Notwithstanding, streaming services such as Spotify, having been taking hold since about 2008/09 and that has to correlate with the steady falls in iTunes purchased downloads of music. 'All-you-can-eat' services in media is the way forward, like it or not, and the media companies have woken up to the fact that they can have another round of income by releasing their back catalogues in a new delivery medium.
Streaming services like Deezer, Tidal and Qobuz are trying to steal a march on each other, and most likely on Spotify, by offering higher quality streams, starting at the basic lossless 16/44.1 CD quality. Their lossless libraries are expanding rapidly as they do deals with the record labels, they have identified there is a market for quality streams and that CD's are dying as the lossless medium of choice.
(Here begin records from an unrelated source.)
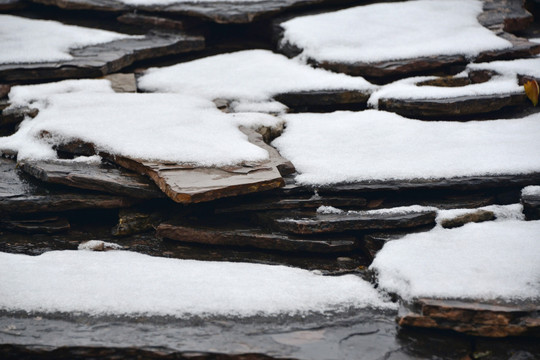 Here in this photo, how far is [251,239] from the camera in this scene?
3.61 m

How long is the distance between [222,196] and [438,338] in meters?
1.63

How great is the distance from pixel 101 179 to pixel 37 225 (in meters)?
0.59

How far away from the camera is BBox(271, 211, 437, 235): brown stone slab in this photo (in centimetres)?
358

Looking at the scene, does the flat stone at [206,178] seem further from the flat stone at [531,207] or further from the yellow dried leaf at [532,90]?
the yellow dried leaf at [532,90]

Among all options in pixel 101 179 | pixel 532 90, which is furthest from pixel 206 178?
pixel 532 90

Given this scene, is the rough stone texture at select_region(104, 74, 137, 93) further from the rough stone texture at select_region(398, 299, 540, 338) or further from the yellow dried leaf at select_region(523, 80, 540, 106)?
the yellow dried leaf at select_region(523, 80, 540, 106)

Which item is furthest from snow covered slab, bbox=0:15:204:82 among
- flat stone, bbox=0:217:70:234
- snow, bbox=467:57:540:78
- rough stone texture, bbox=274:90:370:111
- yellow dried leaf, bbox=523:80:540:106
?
yellow dried leaf, bbox=523:80:540:106

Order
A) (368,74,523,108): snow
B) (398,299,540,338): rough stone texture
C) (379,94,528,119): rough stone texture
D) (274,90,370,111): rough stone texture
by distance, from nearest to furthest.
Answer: (398,299,540,338): rough stone texture, (379,94,528,119): rough stone texture, (368,74,523,108): snow, (274,90,370,111): rough stone texture

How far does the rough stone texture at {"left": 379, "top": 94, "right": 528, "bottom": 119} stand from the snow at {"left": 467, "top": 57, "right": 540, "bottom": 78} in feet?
1.39

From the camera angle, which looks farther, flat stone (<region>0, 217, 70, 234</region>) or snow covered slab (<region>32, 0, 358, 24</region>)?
snow covered slab (<region>32, 0, 358, 24</region>)

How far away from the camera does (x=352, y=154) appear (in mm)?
Answer: 4285

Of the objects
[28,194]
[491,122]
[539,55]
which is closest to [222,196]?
[28,194]

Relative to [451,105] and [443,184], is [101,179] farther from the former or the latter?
[451,105]

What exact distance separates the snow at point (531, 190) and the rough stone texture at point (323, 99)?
1868 mm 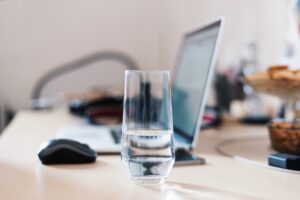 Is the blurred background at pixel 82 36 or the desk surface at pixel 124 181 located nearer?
the desk surface at pixel 124 181

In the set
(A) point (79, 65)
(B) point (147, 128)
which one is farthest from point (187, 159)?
(A) point (79, 65)

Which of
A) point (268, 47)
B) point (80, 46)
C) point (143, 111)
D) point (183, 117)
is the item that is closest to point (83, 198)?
point (143, 111)

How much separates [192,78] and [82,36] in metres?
1.48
Apple finally woke up to this and purchased Beats. They have already been quoted as saying they want to be THE COMPLETE MUSIC service that everyone wants. Effectively to wrestle back the market leader tag that they have steadily been losing to streaming services.
I am fully expecting them to amalgamate iTunes with Match and Beats into one new Music app. This will allow users with current libraries of purchased music (downloads or CD rips) to store their music locally and in the Cloud, as you can currently do, blend in the streaming service that Beats currently provides.
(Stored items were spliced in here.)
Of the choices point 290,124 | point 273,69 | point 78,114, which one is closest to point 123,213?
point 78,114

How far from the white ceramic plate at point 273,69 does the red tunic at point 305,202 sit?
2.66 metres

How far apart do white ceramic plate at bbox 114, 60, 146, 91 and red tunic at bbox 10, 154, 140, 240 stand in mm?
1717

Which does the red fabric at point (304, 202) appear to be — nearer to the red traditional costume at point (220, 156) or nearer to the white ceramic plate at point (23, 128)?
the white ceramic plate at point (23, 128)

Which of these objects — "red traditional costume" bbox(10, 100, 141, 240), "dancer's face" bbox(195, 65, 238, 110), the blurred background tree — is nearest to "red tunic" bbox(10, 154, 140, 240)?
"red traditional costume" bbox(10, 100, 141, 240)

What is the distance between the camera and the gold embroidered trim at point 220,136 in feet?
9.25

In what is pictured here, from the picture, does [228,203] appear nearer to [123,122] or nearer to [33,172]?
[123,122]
Now the key here, and in order to trump their competitors, all of that will need to be available at lossless (16/44.1) quality minimum, that includes both streamed music from their catalogue and one's own library in the Cloud. This is an integrated approach that the other competitors cannot match, most offer streaming only at various subscription bands, one (from those mentioned) offers the choice to purchase 16- and 24-bit downloads, but none AFAIK will store your music in the Cloud as well.
Here, Apple genuinely can offer one complete integrated service for music, it's just a matter of pulling all the pieces together, which I suspect is exactly what they are doing right now. They will trump this out as the biggest thing to happen to music since iPod and iTunes, and arguably they will have a strong case for it.
Bandwidth will be an issue for some areas, but 1st world countries are rapidly embracing fibre so that is not an issue, as people have rightly stated, HD video streaming is already a fairly reliable service coming into our homes or via wi-fi networks. HD music is certainly less onerous in terms of file size and bandwidth required.
And for those still stuck with poor broadband, or happy to listen to 256 or 128 streams, I am sure that Apple will offer a 'lossy' package as well, presumably at a lower monthly / annual subscription charge.
The main thing for all these providers, including Apple, will be to get you on a monthly subscription in the first place. Apple have the might to do it, Spotify could well be history soon.